Exercise aim
Repeat the listing that follows exactly. Pictures are not part of the copy.

Exercise data
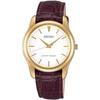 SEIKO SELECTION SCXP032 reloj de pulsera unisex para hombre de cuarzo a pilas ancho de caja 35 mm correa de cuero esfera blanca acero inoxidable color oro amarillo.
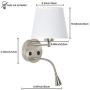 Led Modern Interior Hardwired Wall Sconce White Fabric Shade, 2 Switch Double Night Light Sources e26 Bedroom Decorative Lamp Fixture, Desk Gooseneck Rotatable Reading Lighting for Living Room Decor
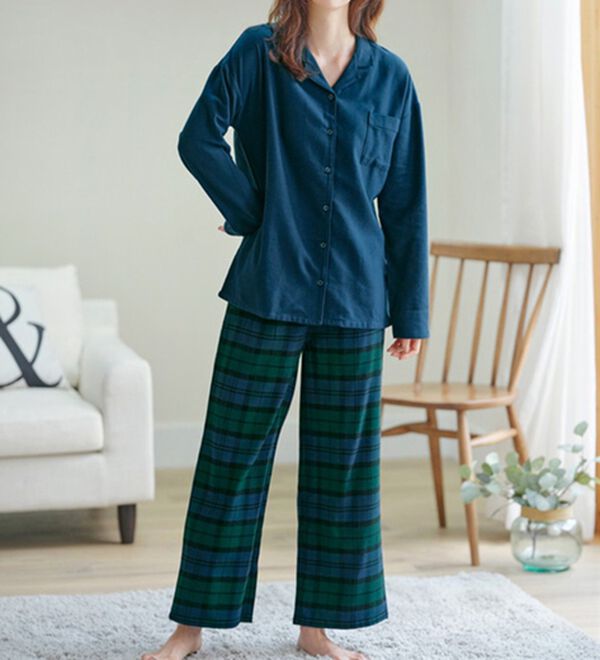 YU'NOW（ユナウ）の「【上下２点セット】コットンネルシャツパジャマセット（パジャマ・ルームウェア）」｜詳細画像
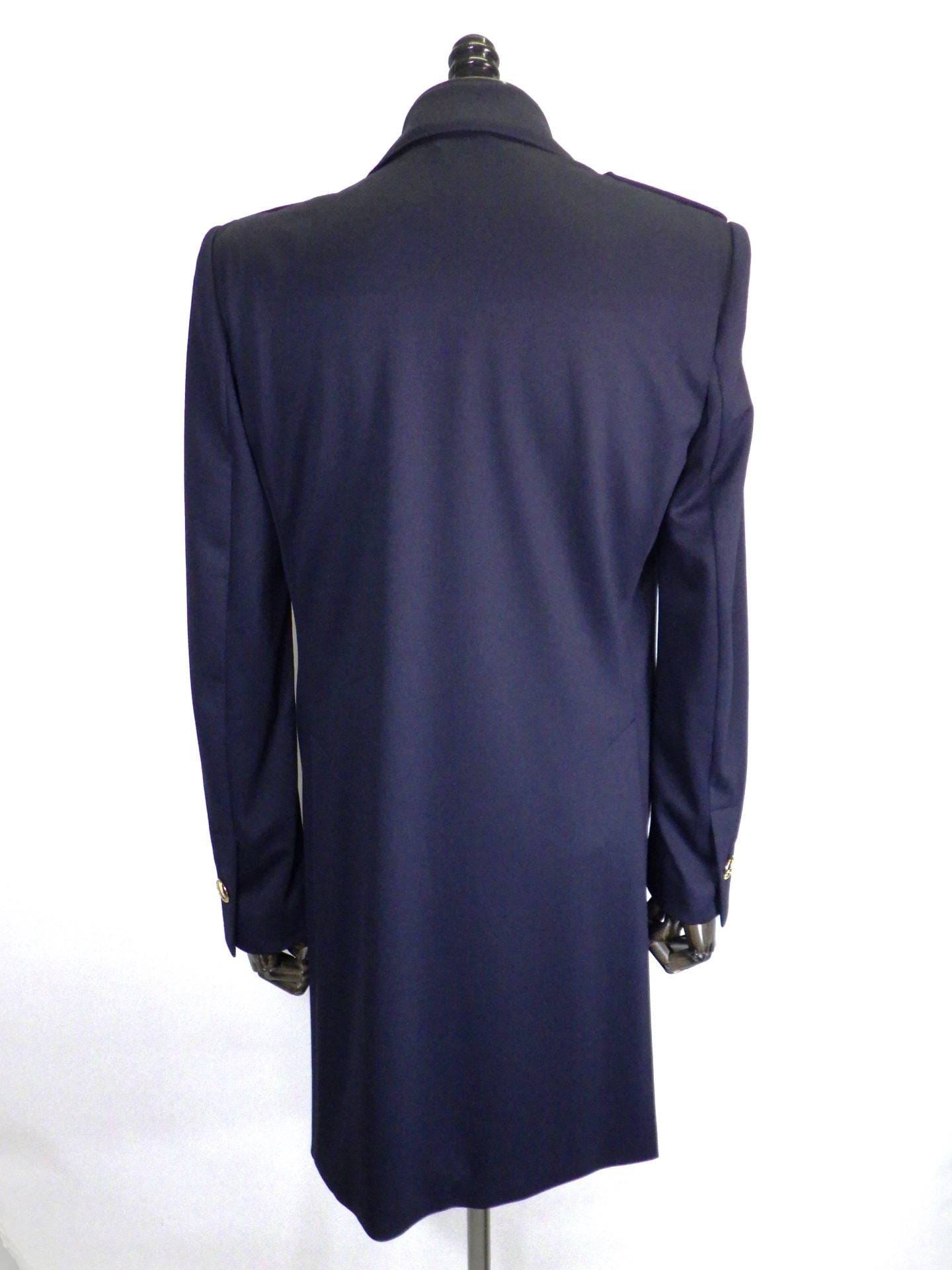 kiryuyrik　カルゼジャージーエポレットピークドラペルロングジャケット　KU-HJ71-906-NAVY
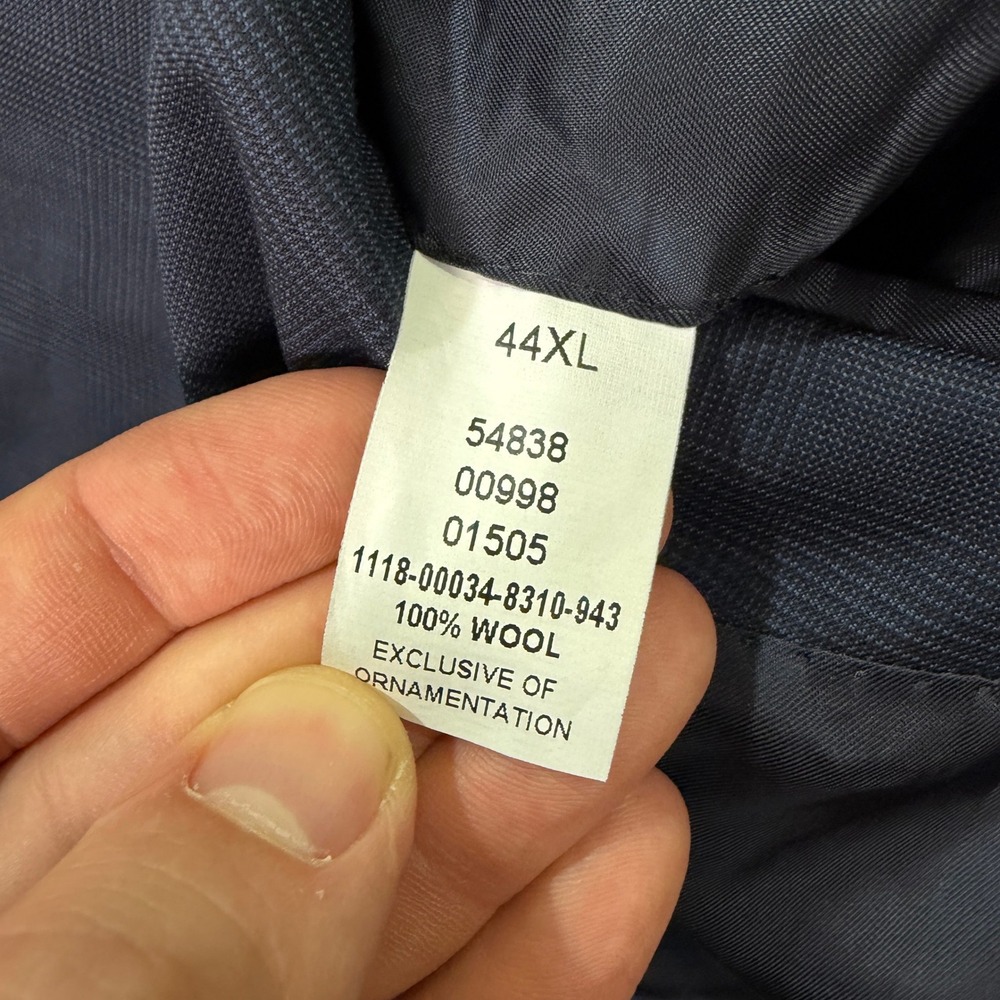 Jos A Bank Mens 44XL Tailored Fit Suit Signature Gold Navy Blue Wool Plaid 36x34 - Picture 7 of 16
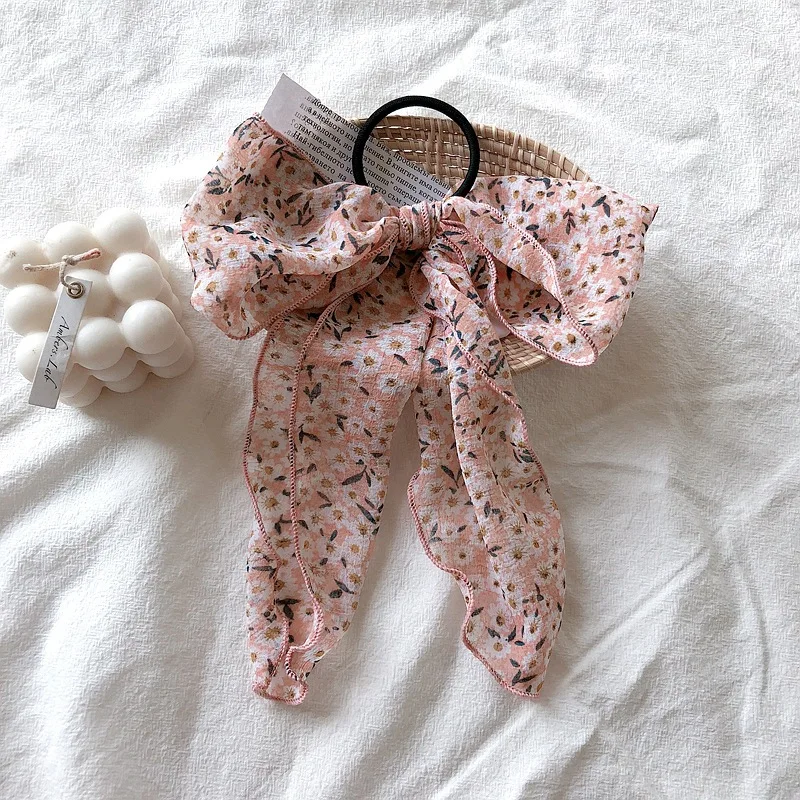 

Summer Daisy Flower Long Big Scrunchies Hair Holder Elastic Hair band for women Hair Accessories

Reply
 SEIKO SELECTION SCXP032 reloj de pulsera unisex para hombre de cuarzo a pilas ancho de caja 35 mm correa de cuero esfera blanca acero inoxidable color oro amarillo.
 Led Modern Interior Hardwired Wall Sconce White Fabric Shade, 2 Switch Double Night Light Sources e26 Bedroom Decorative Lamp Fixture, Desk Gooseneck Rotatable Reading Lighting for Living Room Decor
 YU'NOW（ユナウ）の「【上下２点セット】コットンネルシャツパジャマセット（パジャマ・ルームウェア）」｜詳細画像
 kiryuyrik　カルゼジャージーエポレットピークドラペルロングジャケット　KU-HJ71-906-NAVY
 Jos A Bank Mens 44XL Tailored Fit Suit Signature Gold Navy Blue Wool Plaid 36x34 - Picture 7 of 16

Summer Daisy Flower Long Big Scrunchies Hair Holder Elastic Hair band for women Hair Accessories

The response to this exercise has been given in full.